Mr Gray: I would not disagree with any of that. It is all perfectly reasonable. Clearly, you have the option to make inquiries with the Department as to what specifically it has done.
Mr Ross: I am a little bemused. The figures are certainly interesting, but you have to wonder what the value is if we do not have any detail behind them. Is there any value in us having this as a Committee session, because we do not actually know what is driving the figures? There is no doubt that it is a massive issue. If it is costing the public purse between £25 million and £30 million, clearly there is an issue. The gap between GB and Northern Ireland is significant, so there is an issue. I do not think that you can put all of that down to the legacy of the Troubles. We are long enough past that now for there not to be that gap between GB and Northern Ireland. I often wonder whether publishing those figures is self-defeating. Although you need to be able to monitor public sickness levels, I often wonder whether certain individuals will view the average figure, realise that their figure is significantly lower and feel that they can top up their sick days and still come in under average. They may not be alerting any attention to themselves, but they are claiming days off when they do not need to. That is more of a comment than anything else, because I do not think that we are going to get any substantial answers, because no work has been done behind the figures.
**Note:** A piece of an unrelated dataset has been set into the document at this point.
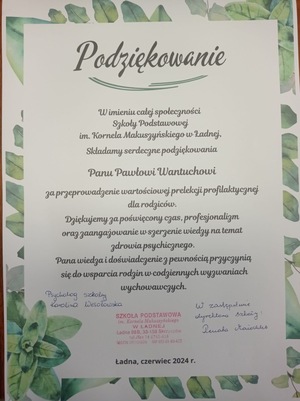 Podziękowania dla asp.sztab. Pawła Wantuch
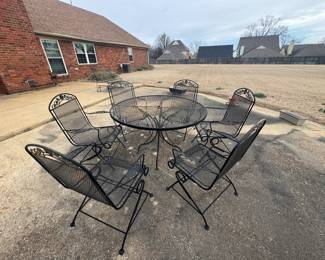 Wrought Iron Table with 6 chairs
However, I often wonder whether it is self-defeating to publish the figures regularly.
Ms McGahan: My point has been covered by the previous two members. However, with regard to the overall numbers who are off on long-term sick, what percentage of those are off for mental health reasons?
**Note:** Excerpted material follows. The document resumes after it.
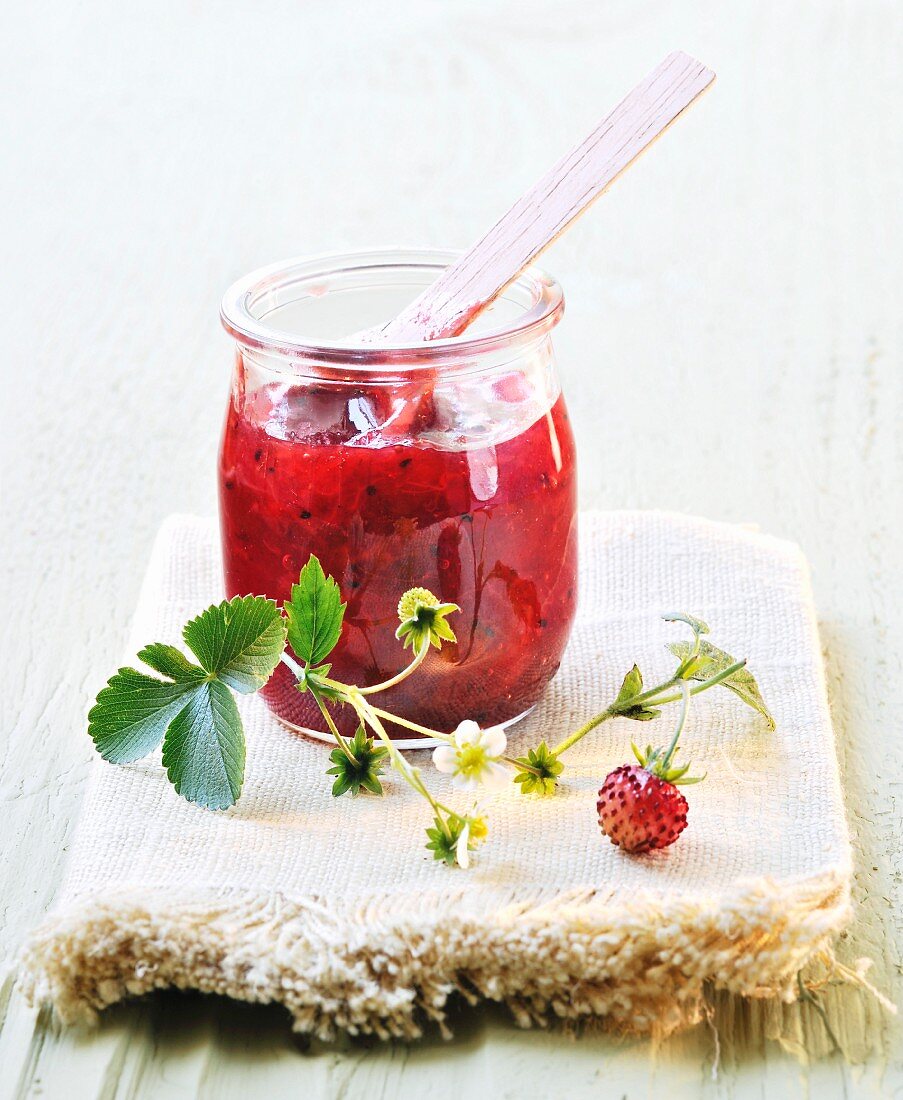 Fresh wild strawberry jam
Mr Murdie: Paragraph 1.19 on page 17 talks about the principal causes of absence and gives some figures: 29% of working days lost in 2006-07 were due to psychiatric/psychological illnesses, so there is some analysis there. Obviously, those absences tend to be longer term. There is an average of 35·7 days in 2011-12, which was a slight decrease from the 2006-07 level.
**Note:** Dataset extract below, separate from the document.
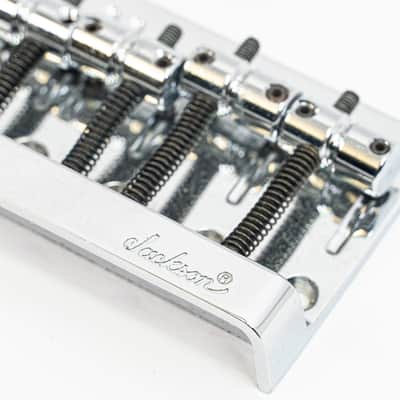 Jackson 4-String Bass Bridge Chrome 19mm Spacing with Mounting Screws image 2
Ms McGahan: So 29% of the overall numbers are off on mental health?
Mr Murdie: Yes, that is what paragraph 1.19 states.
Mr F McCann: What is probably even more concerning is paragraphs 1.19, 1.20 and 1.21. I think there needs to be more explanation. It tells me that there is a problem, and that is that, in terms of gender, it is 17·7 days, which is twice as much. What has been done in the Department or Departments to try to deal with that? What assistance can be offered to ensure that the workplace is a better place for women to work in? It tells you that there is a problem.
Mr Gray: That is a perfectly valid question.
The Deputy Chairperson: OK, folks. No other members have indicated that they want to ask a question. We thank you for coming to the Committee and giving us that brief overview. Obviously, it has perhaps raised more questions in the minds of members than it has provided answers.
I think that we will write to the Department and seek information on what it is doing to reduce it, what its policies are and whether it has carried out any internal audit of this during the past six years. Are members agreed?
Members indicated assent.
The Deputy Chairperson: OK. Thank you very much for your attendance.
Mr Gray: Thank you very much, Chair.